Suddenly for no particular reason they both burst out laughing and he took her arm.

“Imagine!” he said. “Here we are on Bankside, not much more than a stone’s throw from The Swan and The Rose and The Globe. Shakespeare must have come this way a thousand times after rehearsals had finished for the day. We’re doing just what he did and I do wish, Emily, that we could take water for Blackfriars.”

“It’s pleasant,” Emily said, “to be in company that isn’t self-conscious about him and doesn’t mistake devotion for idolatry.”

“Well, he is unique, so what’s the matter with being devoted? Have you observed, Emily, that talent only fluctuates about its own middle line whereas genius nearly always makes great walloping bloomers?”

“Like Agnes Pointing Upwards and bits of Cymbeline ?”

“Yes. I think, perhaps, genius is nearly always slightly lacking in taste.”

“Anyway, without intellectual snobbery?”

“Oh that, certainly.”

“Are you pleased with rehearsals, so far?”

“On the whole.”

“I suppose it’s always a bit of a shock bringing something you’ve written to the melting pot or forge or whatever the theatre is. Particularly when, as producer, you yourself are the melting pot.”

“Yes, it is. You see your darling child being processed, being filtered through the personalities of the actors and turning into something different on the way. And you’ve got to accept all that because a great many of the changes are for the good. I get the oddest sort of feeling sometimes, that, as producer, I’ve stepped outside myself as playwright. I begin to wonder if I ever knew what the play is about.”

“I can imagine.”

They walked on in companionship: two thinking ants moving eastward against the evening out-swarm from the City.
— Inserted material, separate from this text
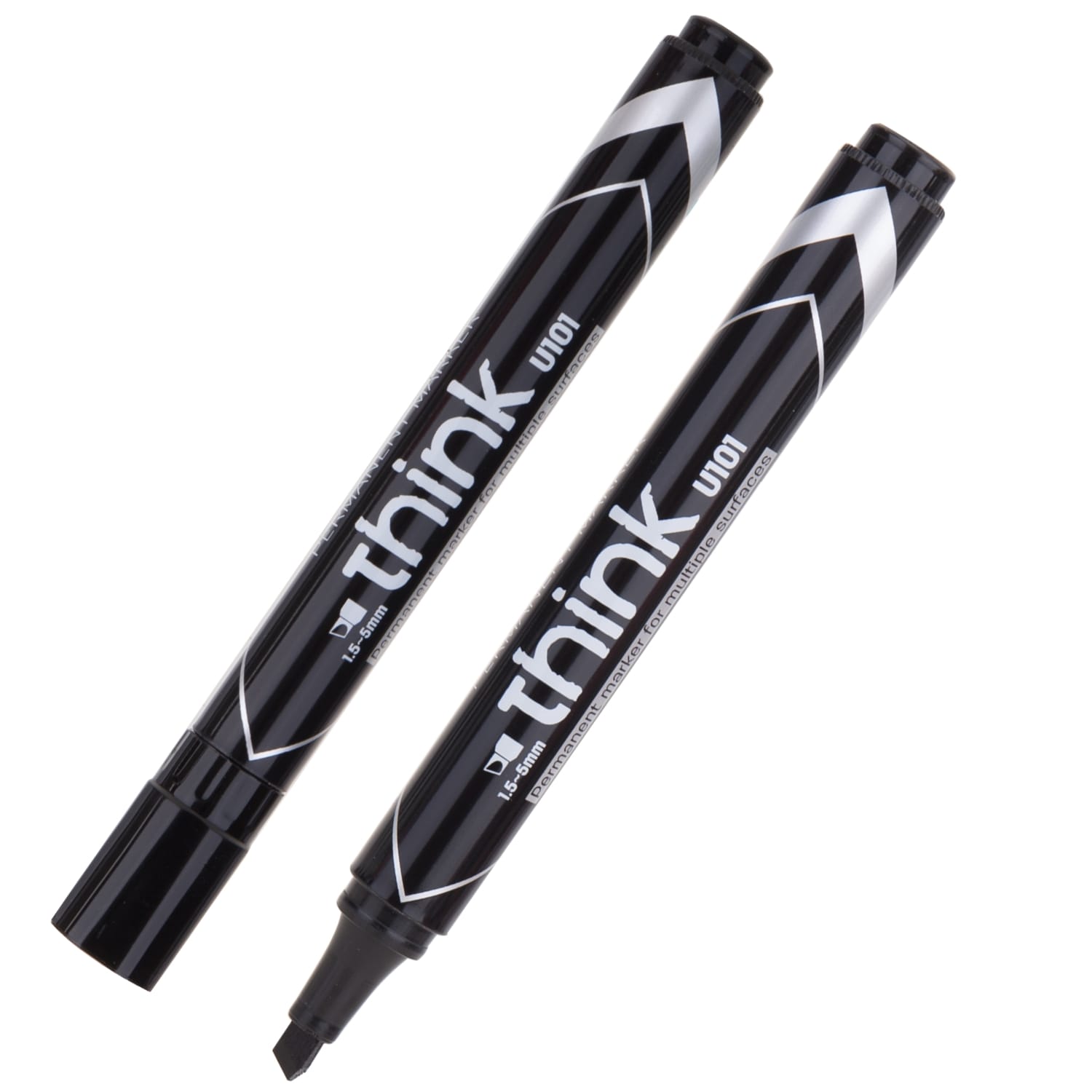 Marcador permanente Deli Think negro con punta cincel 1.5–5 mm. Secado instantáneo, resistente a la decoloración e impermeable.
When they reached Blackfriars it had already grown quiet there and the little street where Jeremy and Peregrine lived was quite deserted. They climbed up to the studio and sat in the window drinking dry martinis and trying to see The Dolphin on the far side of the river.

“We haven’t talked about the letter and the glove,” Emily said. “Why, I wonder, when it’s such a tremendous thing. You must have felt like a high-pressure cooker with it all bottled up inside you.”

“Well, there was Jeremy to explode to. And of course the expert.”

“How strange it is,” Emily said. She knelt on the window-seat with her arms folded on the ledge and her chin on her arms. Her heartshaped face looked very young. Peregrine knew that he must find out about her: about how she thought and what she liked and disliked and where she came from and whether she was or had been in love and if so what she did about it. “How strange,” she repeated, “to think of John Shakespeare over in Henley Street making them for his grandson. Would he make them himself or did he have a foreman-glover?”